Description Tamas Vincze 2009-11-09 15:23:39 UTC
Created attachment 23713 [details]
Full console log

EDAC MC0: INTERNAL ERROR: channel-b out of range (4 >= 4)
Kernel panic - not syncing: EDAC MC0: Uncorrected Error
 (XEN) Domain 0 crashed: 'noreboot' set - not rebooting.

Kernel is 2.6.18-164.el5xen
Server board is a Supermicro X7DBi+ (Intel 5000P chipset) with 16GB RAM.
Comment 1 Tamas Vincze 2009-11-09 15:38:10 UTC
The bug is probably in i5000_edac.c function i5000_process_nonfatal_error_info(),
also in Kernel 2.6.31.

The i5000X datasheet (page 211) says that FERR_NF_FBD bit 28 has no significance for M4Err through M12Err (=FERR_NF_UNCORRECTABLE bits), however the driver code uses both bits.

The channel number is taken from bits 29:28 by this macro:
EXTRACT_FBDCHAN_INDX(x) (((x)>>28) & 0x3)

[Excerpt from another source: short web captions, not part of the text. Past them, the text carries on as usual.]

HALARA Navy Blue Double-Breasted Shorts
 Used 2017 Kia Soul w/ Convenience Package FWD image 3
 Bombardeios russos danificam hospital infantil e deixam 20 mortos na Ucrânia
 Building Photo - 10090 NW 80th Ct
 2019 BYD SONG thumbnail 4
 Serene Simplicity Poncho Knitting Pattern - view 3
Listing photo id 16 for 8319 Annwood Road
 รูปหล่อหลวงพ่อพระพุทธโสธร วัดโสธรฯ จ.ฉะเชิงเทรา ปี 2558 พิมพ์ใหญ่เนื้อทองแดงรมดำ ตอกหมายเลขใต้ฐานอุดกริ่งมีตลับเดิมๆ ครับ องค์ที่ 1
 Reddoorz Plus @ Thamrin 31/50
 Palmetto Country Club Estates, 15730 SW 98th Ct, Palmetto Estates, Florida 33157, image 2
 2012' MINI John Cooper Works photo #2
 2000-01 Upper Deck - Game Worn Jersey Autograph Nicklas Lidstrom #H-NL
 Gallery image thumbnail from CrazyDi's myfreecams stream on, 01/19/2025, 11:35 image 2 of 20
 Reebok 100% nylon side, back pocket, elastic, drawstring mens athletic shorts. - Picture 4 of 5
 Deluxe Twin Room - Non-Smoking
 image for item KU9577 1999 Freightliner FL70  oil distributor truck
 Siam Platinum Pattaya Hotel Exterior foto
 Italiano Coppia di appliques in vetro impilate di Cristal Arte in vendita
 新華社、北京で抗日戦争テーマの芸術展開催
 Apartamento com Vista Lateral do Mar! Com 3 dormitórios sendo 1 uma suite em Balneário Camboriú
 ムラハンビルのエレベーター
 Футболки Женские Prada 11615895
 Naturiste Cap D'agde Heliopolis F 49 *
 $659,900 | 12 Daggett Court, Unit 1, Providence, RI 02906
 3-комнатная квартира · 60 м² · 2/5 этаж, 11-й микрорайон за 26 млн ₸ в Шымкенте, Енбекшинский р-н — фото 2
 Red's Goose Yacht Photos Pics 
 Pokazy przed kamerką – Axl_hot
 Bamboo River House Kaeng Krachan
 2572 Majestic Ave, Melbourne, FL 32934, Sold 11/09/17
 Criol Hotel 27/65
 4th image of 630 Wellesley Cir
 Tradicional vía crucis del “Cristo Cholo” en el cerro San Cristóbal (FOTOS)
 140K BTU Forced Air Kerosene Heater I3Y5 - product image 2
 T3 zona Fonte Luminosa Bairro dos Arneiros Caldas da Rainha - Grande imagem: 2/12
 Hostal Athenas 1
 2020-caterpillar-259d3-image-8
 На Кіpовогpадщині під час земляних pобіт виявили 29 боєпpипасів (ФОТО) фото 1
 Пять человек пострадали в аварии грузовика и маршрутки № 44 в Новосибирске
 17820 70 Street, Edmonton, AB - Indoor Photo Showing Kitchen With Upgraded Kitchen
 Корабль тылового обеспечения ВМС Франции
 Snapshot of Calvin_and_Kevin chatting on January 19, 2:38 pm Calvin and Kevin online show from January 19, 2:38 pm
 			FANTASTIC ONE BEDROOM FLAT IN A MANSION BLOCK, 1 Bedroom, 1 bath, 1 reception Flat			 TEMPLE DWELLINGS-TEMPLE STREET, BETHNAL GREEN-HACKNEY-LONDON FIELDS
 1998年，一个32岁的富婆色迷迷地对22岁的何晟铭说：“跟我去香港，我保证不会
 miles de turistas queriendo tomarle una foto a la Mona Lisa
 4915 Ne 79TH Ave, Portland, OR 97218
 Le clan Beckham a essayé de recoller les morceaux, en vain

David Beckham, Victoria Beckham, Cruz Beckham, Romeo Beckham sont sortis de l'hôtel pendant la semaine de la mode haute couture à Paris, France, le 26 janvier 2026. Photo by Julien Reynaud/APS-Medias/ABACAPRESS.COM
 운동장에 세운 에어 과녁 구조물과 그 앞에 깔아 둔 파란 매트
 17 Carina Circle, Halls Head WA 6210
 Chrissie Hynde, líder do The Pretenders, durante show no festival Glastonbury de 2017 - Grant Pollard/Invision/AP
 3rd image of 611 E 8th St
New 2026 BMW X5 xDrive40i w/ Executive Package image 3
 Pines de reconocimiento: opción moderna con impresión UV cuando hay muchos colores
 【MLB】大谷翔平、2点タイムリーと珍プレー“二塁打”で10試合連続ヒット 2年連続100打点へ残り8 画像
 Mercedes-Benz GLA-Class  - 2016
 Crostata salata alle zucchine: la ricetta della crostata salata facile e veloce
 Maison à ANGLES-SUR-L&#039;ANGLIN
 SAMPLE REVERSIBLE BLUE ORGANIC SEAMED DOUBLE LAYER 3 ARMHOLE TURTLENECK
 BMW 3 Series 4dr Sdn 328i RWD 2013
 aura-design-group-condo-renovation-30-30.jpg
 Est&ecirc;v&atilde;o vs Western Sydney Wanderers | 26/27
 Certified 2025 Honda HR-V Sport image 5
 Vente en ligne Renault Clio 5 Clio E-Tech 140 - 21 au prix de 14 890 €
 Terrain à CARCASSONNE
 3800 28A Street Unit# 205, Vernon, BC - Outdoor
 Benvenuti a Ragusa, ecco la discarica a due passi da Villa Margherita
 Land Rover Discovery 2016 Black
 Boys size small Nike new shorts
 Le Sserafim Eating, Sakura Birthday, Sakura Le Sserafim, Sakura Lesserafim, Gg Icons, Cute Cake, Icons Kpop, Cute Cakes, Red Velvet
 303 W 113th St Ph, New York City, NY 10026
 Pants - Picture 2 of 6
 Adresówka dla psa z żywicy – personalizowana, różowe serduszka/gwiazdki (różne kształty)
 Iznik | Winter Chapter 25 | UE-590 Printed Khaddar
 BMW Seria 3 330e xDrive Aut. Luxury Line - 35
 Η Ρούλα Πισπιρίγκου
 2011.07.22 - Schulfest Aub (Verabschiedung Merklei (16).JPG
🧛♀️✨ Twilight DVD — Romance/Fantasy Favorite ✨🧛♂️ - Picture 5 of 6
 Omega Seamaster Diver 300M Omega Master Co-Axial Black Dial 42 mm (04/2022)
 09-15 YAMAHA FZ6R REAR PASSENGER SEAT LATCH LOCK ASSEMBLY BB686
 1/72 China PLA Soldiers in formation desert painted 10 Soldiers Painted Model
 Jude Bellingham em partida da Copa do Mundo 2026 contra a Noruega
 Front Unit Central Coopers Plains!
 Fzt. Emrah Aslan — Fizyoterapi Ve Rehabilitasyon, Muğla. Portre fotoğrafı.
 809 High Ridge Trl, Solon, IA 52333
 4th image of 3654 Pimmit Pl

Both bits are stored and then incremented:

ue_errors = allErrors & FERR_NF_UNCORRECTABLE;
if (ue_errors) {
    debugf0("\tUncorrected bits= 0x%x\n", ue_errors);
    branch = EXTRACT_FBDCHAN_INDX(info->ferr_nf_fbd);
    channel = branch;
    [...]
    /* Call the helper to output message */
    edac_mc_handle_fbd_ue(mci, rank, channel, channel + 1, msg);
}

If both of bits 29:28 are set then channel+1 in the last line above yields 4,
which is out of range.

Bit 28 should be masked, for example by replacing
    channel = branch;
with:
    channel = branch & 2;
Comment 2 doug thompson 2009-11-09 19:38:40 UTC
Thanks for the bug report and your investigation

will look at it

doug t
Comment 3 Mauro Carvalho Chehab 2009-12-09 11:09:24 UTC
Doug,

I've checked the specs and the fix seems right to me.

Cheers,
Mauro.
Comment 4 Mauro Carvalho Chehab 2009-12-09 11:28:25 UTC
Created attachment 24118 [details]
Fix i5000 panic

The enclosed patch should fix the bug.